AI-Guided Breast MRI Protocols Cut Scan Times Without Compromising Cancer Detection
June 3, 2025
AI triaging halved breast MRI scan times while preserving diagnostic performance, enabling efficient, adaptive imaging workflows.
Key Details
- Simulation study analyzed retrospective data from 863 women (1,423 MRI exams); 51 breast cancers diagnosed within 12 months.

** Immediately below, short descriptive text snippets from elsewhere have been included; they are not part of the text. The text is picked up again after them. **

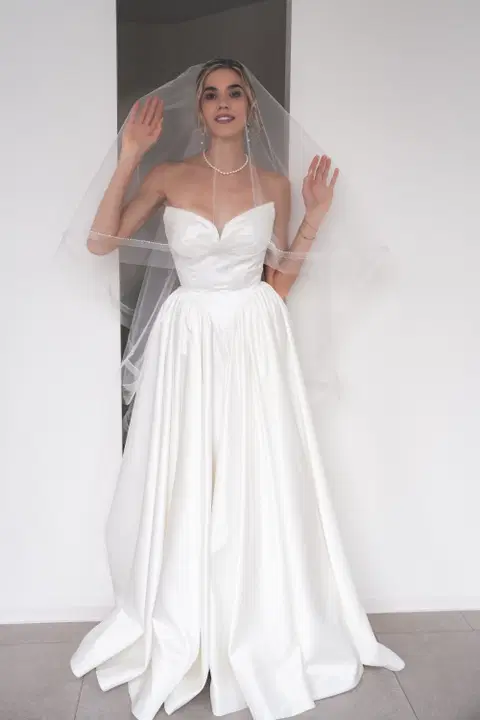 Shallow wedding dress by Fan Xia, A-line, satin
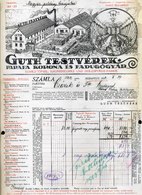 Guth Testvérek, Parafa, Fadugó Gyár, Régi Fejléces, Céges Számla 1923  /  Guth Brothers Cork Factory Vintage Lette - Zonder Classificatie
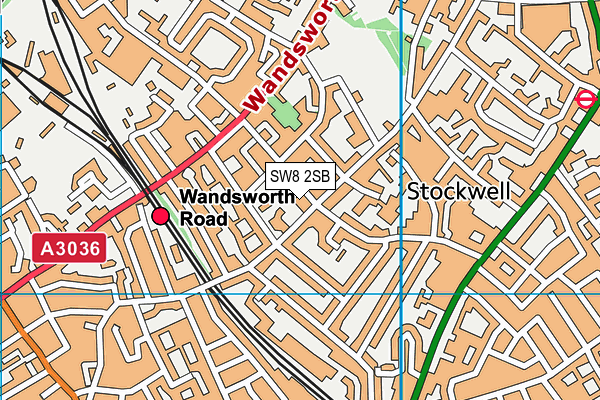 SW8 2SB map - OS VectorMap District (Ordnance Survey)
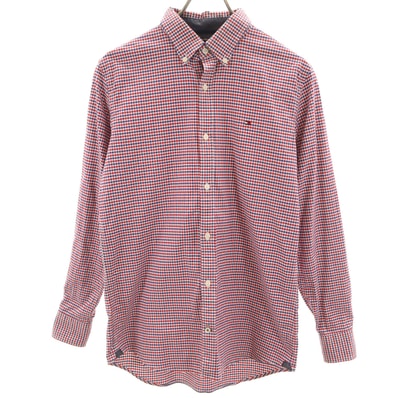 TOMMY HILFIGER トミーヒルフィガー ギンガムチェック 長袖 ボタンダウンシャツ M レッド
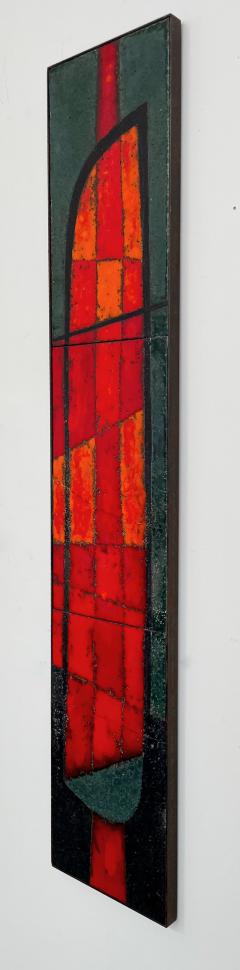  Freres Cloutier Cloutier Frerez Brutalist Red Enameled Lava Tile Wall Sculpture - 3494063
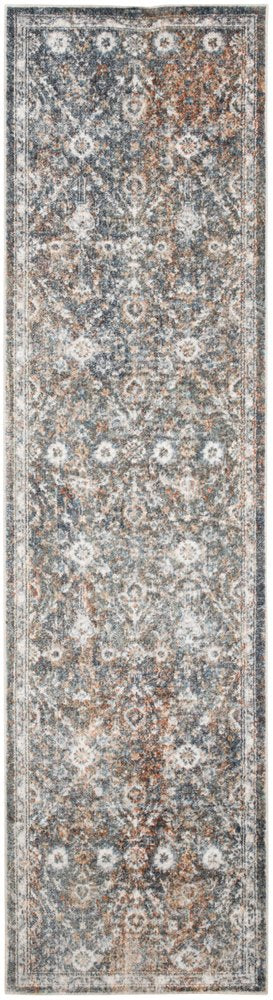 6' Ivory Blue And Rust Floral Distressed Runner Rug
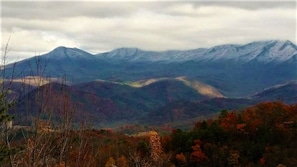 Winter in the Smokies;
back deck.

- AI-directed triaging assigned about 50% of exams to an abbreviated protocol based on real-time suspicion scoring.
- Diagnostic performance: Sensitivity (AI triage 88.2%, conventional 86.3%); specificity (AI triage 80.8%, conventional 81.4%).
- Cancer detection rates were nearly identical (31.6 vs 30.9 per 1,000 exams); interval cancer rates slightly improved with AI triaging (4.2 vs 4.9 per 1,000).
- No cases were missed by abbreviated MRI that would have been detected by the full protocol.
- Study highlights potential for workflow efficiency and personalized MRI acquisition.
Why It Matters
This approach could make high-volume breast MRI screenings more efficient, reducing scan and patient time without sacrificing cancer detection. It marks a step toward adaptive, AI-driven imaging protocols and improved resource utilization in breast imaging.